Terms of the Secured Revolving Credit Facility
The Company’s secured revolving credit facility provides for an aggregate credit line of $850.0 million which includes a $750.0 million U.S. dollar facility and a $100.0 million multicurrency facility. The credit facility matures in April 2027. The facility contains covenants that restrict the Company’s ability to, among other things: (i) create or incur liens, debt, guarantees or other investments, (ii) engage in mergers and consolidations, (iii) pay dividends or other distributions to, and redemptions and repurchases from, equity holders, (iv) prepay, redeem or repurchase subordinated or junior debt, (v) amend organizational documents, and (vi) engage in certain transactions with affiliates.
The Company’s secured revolving credit facility provides for a leverage-based pricing grid which determines an interest rate for borrowings, calculated as the applicable floating benchmark rate plus a credit spread adjustment, if any, plus an amount ranging from 1.125% to 1.625%, based on leverage. As of December 28, 2024, the borrowing rate for an adjusted term Secured Overnight Financing Rate (“SOFR”) loan would have been 5.58%, which includes a leverage-based adjustment of 1.125%.

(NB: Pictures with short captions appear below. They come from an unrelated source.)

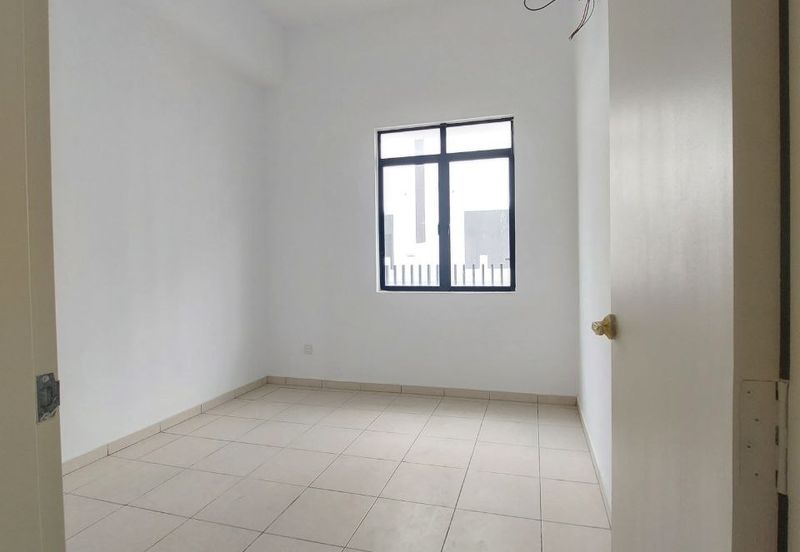 Extra Land End Lot Double Storey Type B Myra Alam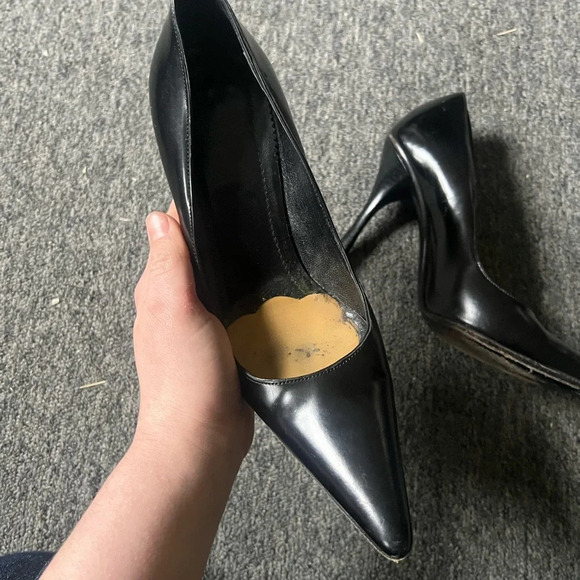 Gucci Black Stiletto Pump Pointed Toe Heels, size 36 - Picture 4 of 13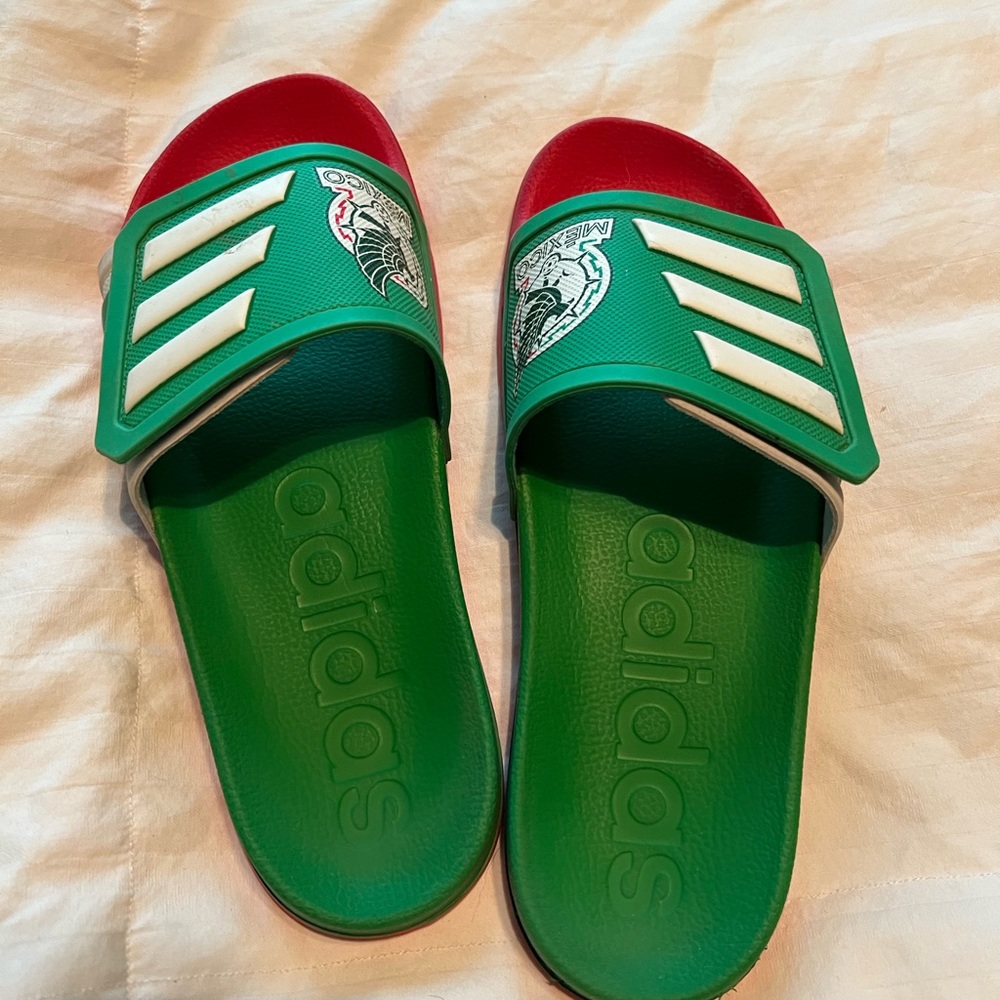 adidas slides Mexico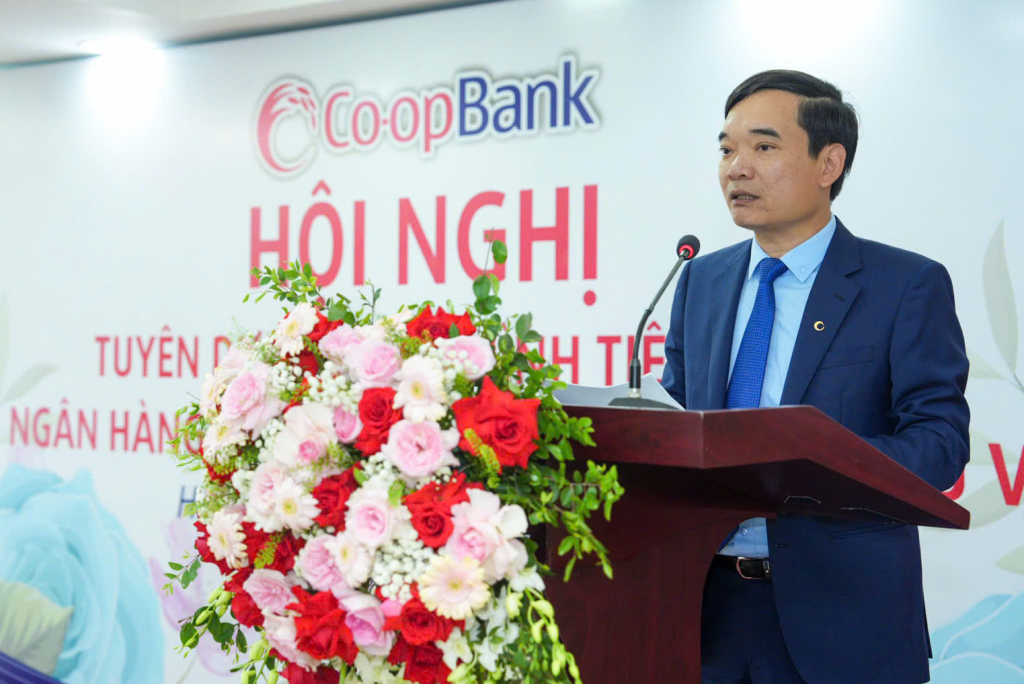 Đồng chí Nguyễn Văn Giang - Phó Tổng giám đốc thường trực Co-opBank trình bày báo cáo tại Hội nghị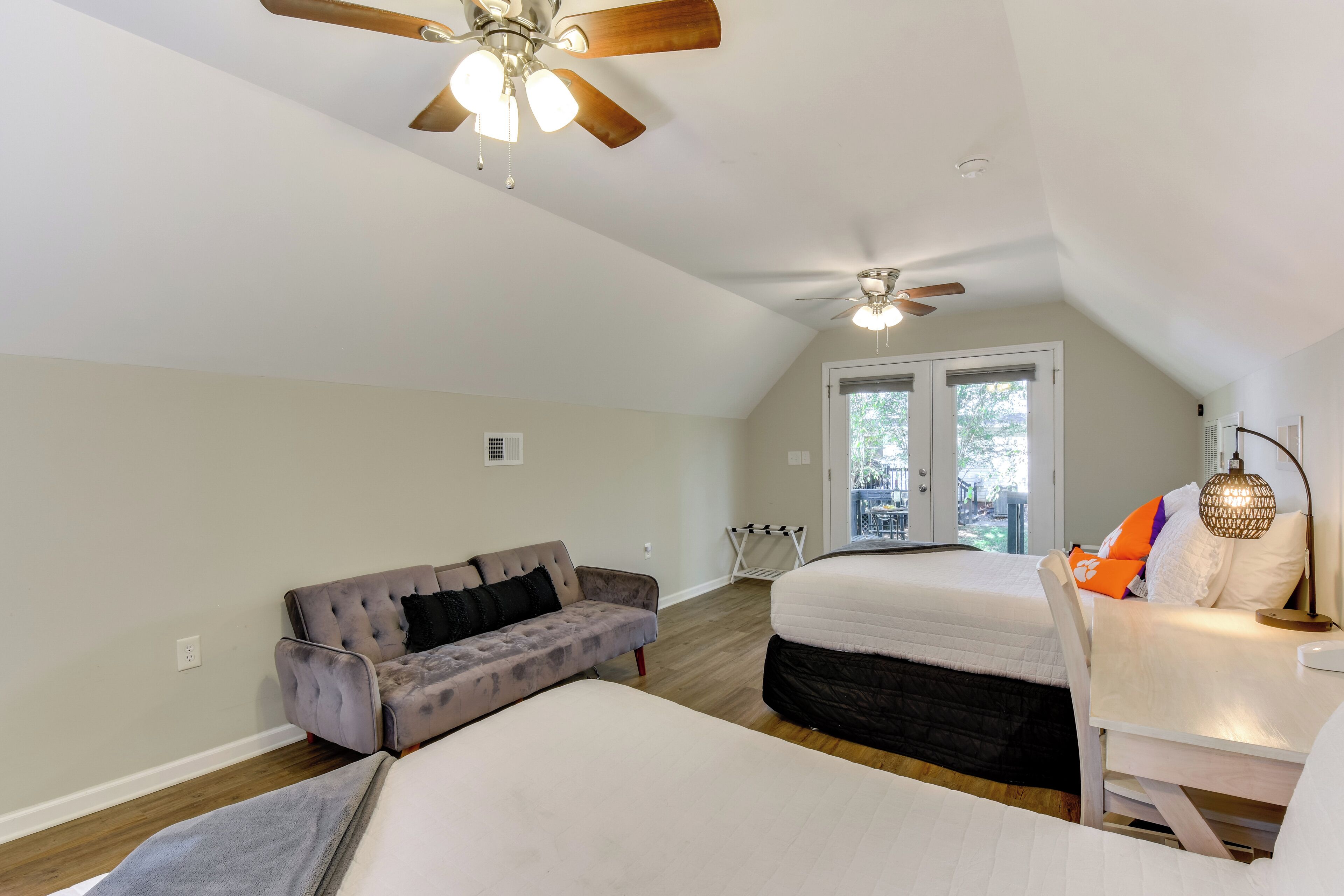 Cottage (1 Bedroom) | Interior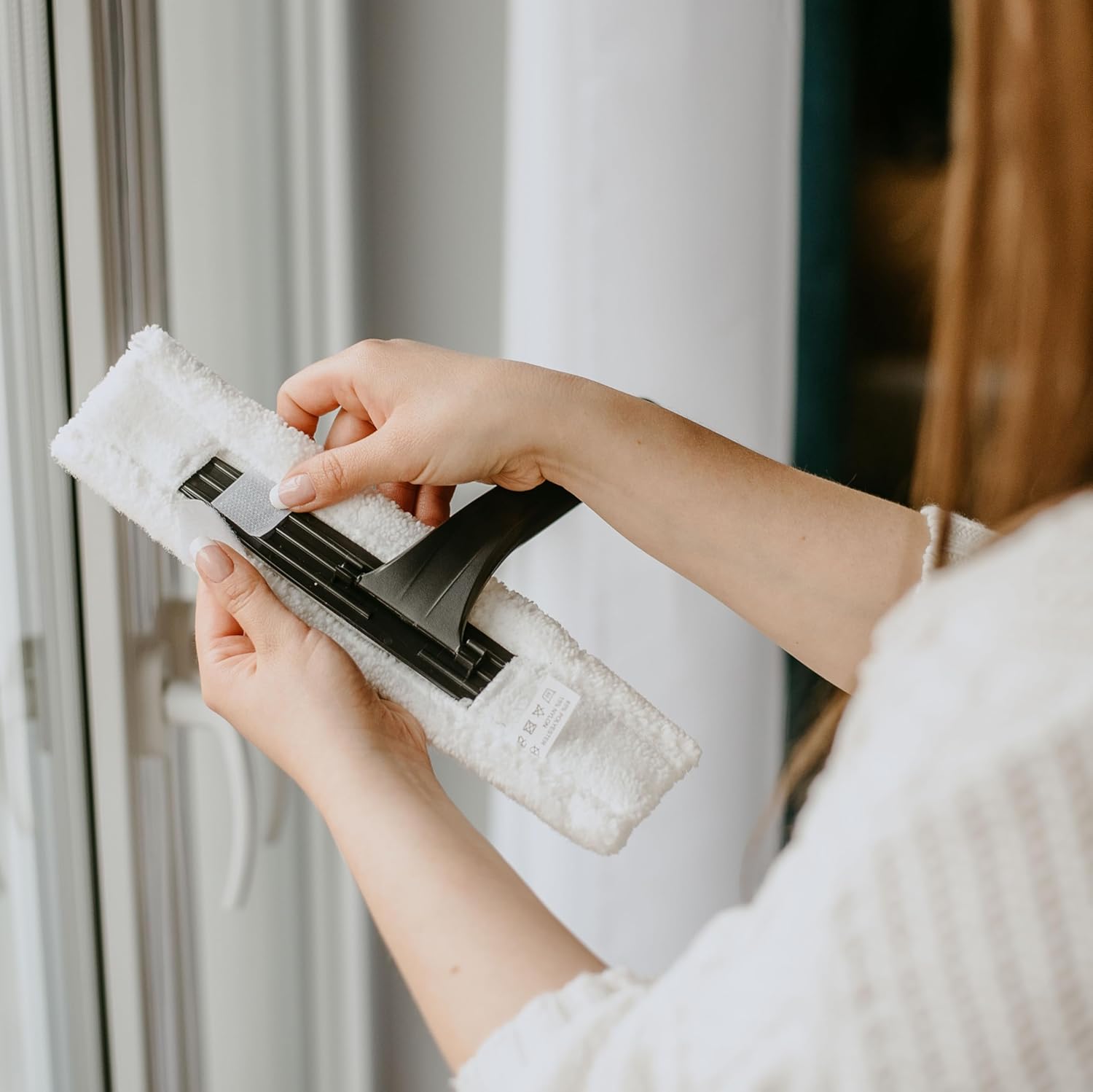 Attaching the microfiber cleaning pad to its holder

As of December 28, 2024, the Company was in compliance with its financial and other covenants under the secured revolving credit facility.
Senior Notes
2022 Redemption of Senior Notes due 2025
On April 4, 2022, the Company, through its wholly-owned subsidiary, TWCC redeemed $500 million principal amount of senior notes, bearing interest at a rate of 5.500% per annum, and originally maturing on May 15, 2025. Pursuant to the optional redemption provisions described in the indenture dated as of May 11, 2020, TWCC paid the outstanding principal plus accrued interest and an applicable premium as defined in the indenture. This debt redemption resulted in a loss on extinguishment of debt of $19.9 million, primarily consisting of $15.7 million of the applicable premium and $4.3 million related to the write-off of unamortized debt issuance costs.
Senior Notes due 2027
On March 14, 2019, TWCC issued $500 million principal amount of senior notes at par, bearing interest at a rate of 5.625% per annum, and maturing on March 15, 2027. TWCC may redeem all or part of the senior notes at a redemption price of 100% of the principal amount of the senior notes, plus accrued and unpaid interest.
The senior notes mentioned above are unsecured and are fully and unconditionally guaranteed by Carter’s, Inc. and certain domestic subsidiaries of TWCC. The guarantor subsidiaries are 100% owned directly or indirectly by Carter’s, Inc. and all guarantees are joint, several and unconditional.
The indenture governing the senior notes provides that upon the occurrence of specific kinds of changes of control, unless a redemption notice with respect to all the outstanding senior notes has previously or concurrently been mailed or delivered, TWCC will be required to make an offer to purchase the senior notes at 101% of their principal amount, plus accrued and unpaid interest to (but excluding) the date of purchase.
The indenture governing the senior notes includes a number of covenants, that, among other things and subject to certain exceptions, restrict TWCC’s ability and the ability of certain of its subsidiaries to: (a) incur certain types of indebtedness that is secured by a lien; (b) enter into certain sale and leaseback transactions; and (c) consolidate or merge with or into, or sell substantially all of the issuer’s assets to, another person, under certain circumstances. Terms of the notes contain customary affirmative covenants and provide for events of default which, if certain of them occur, would permit the trustee or the holders of at least 25.0% in principal amount of the then total outstanding senior notes to declare all amounts owning under the notes to be due and payable. Carter’s, Inc. is not subject to these covenants.